**Requirement:** Copy exactly the stretch of lines from the one holding "VALENTA CARD WALLET LEATHER MAGSAFE" through the last line of the data below, inclusive. Leave out pictures.

**Information shown:**
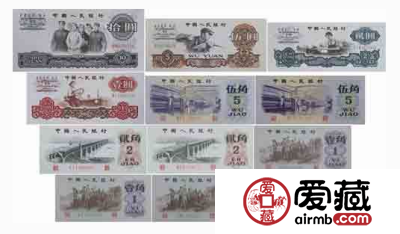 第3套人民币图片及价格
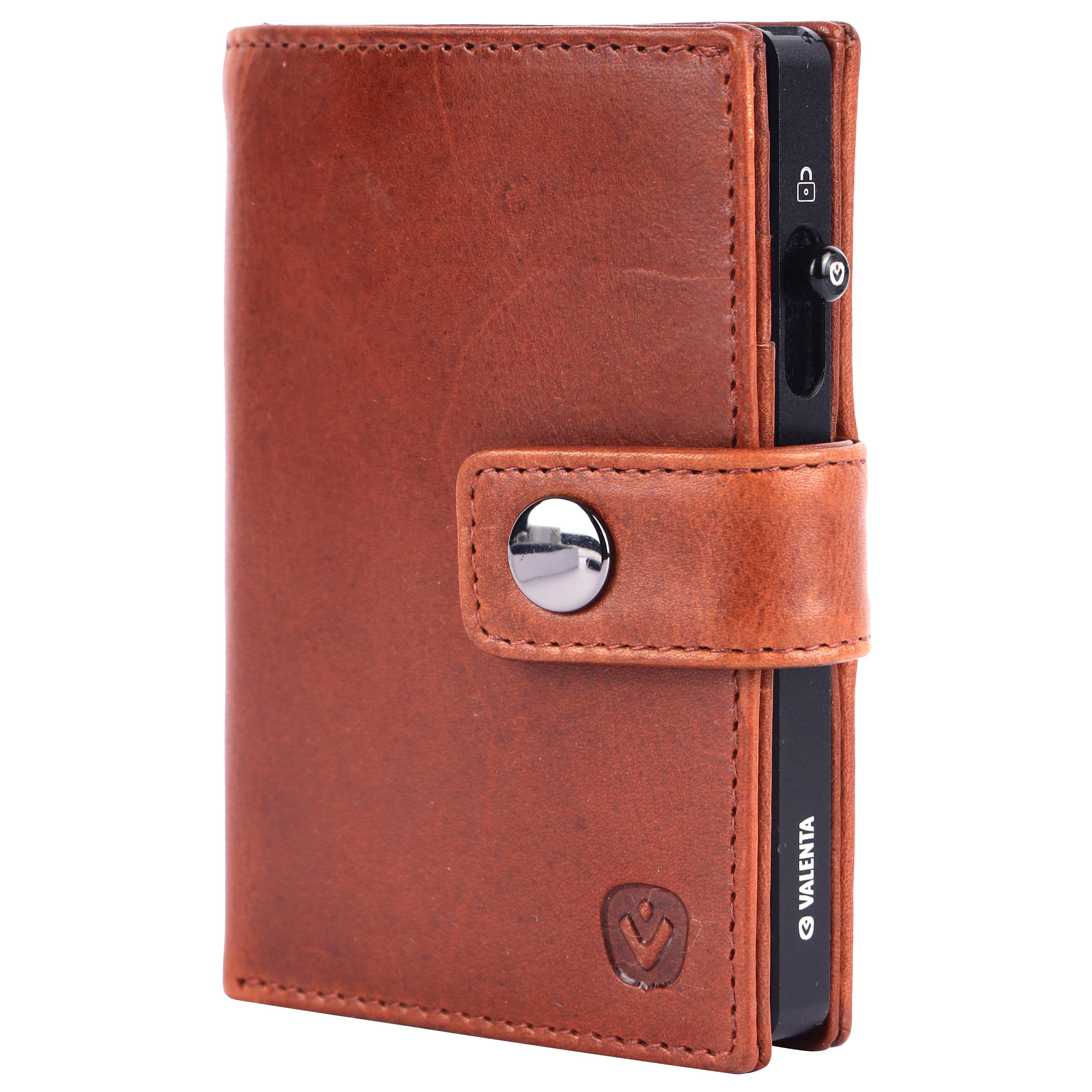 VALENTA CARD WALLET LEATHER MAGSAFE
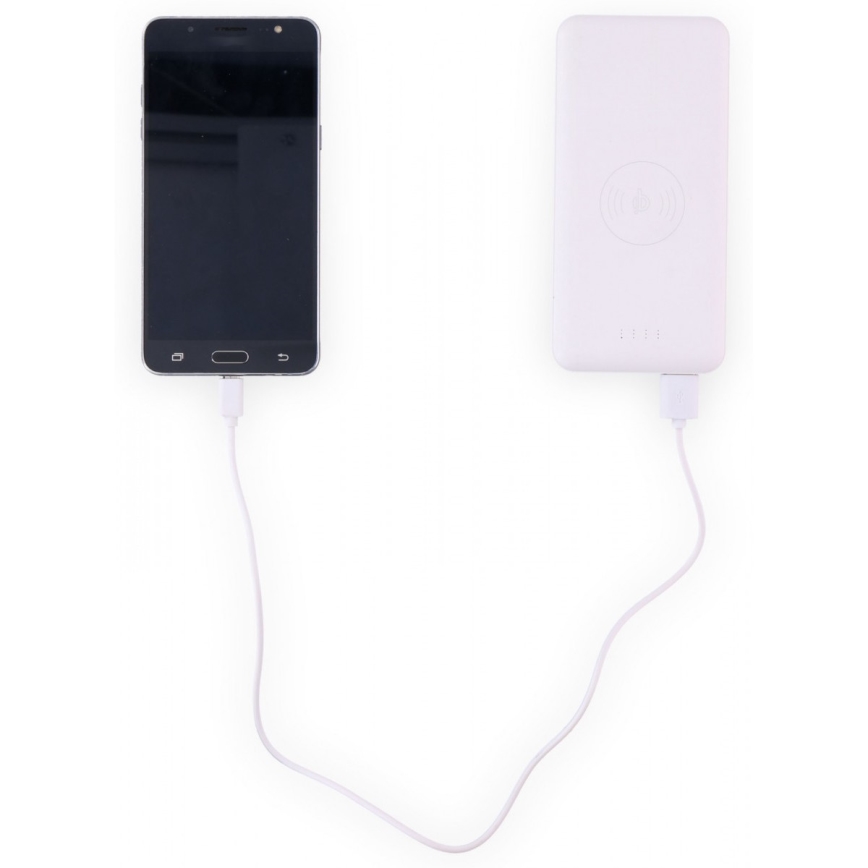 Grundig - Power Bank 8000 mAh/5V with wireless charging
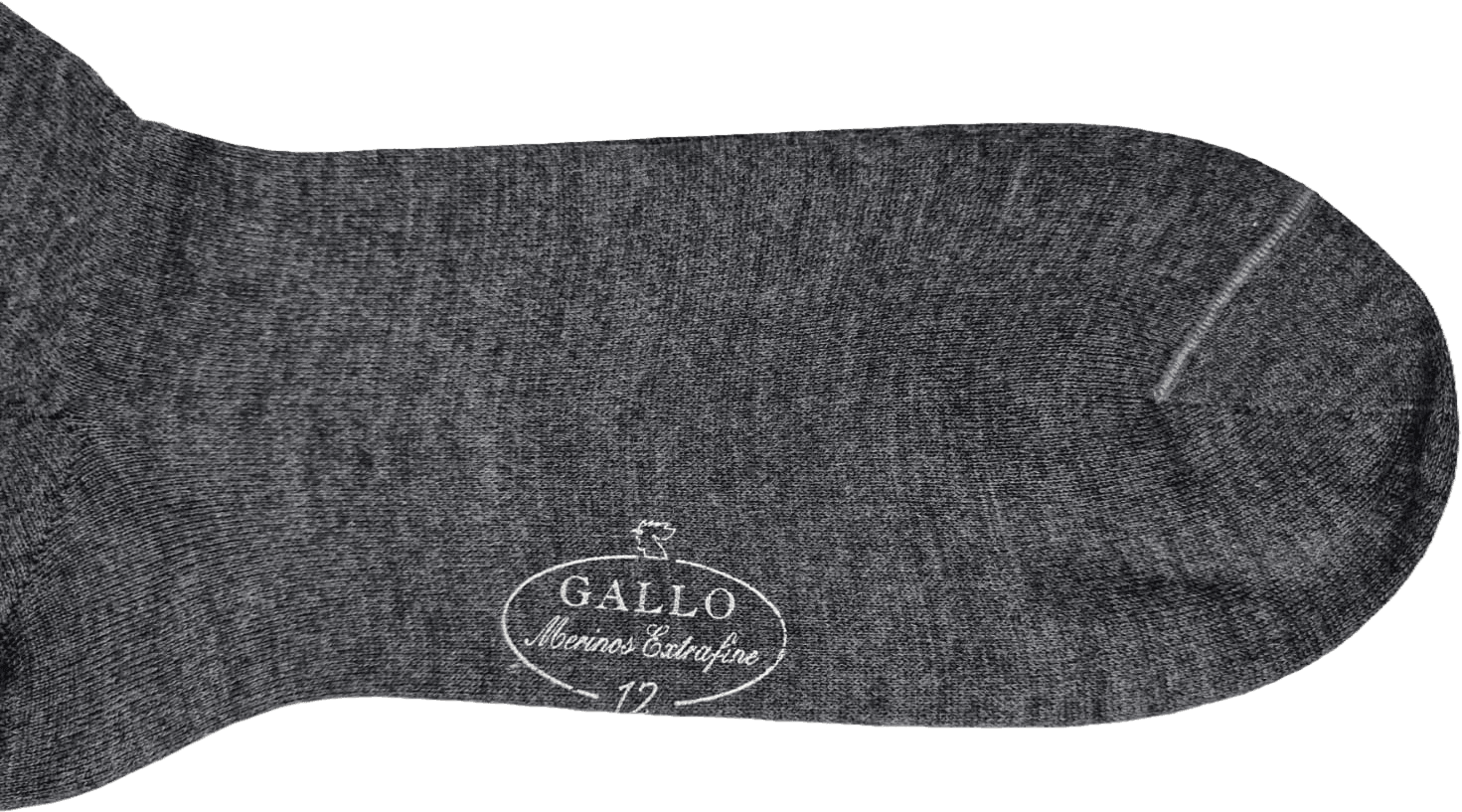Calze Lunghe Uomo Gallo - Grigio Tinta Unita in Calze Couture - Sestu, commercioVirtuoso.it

**Problem solution:**
 VALENTA CARD WALLET LEATHER MAGSAFE
 Grundig - Power Bank 8000 mAh/5V with wireless charging
Calze Lunghe Uomo Gallo - Grigio Tinta Unita in Calze Couture - Sestu, commercioVirtuoso.it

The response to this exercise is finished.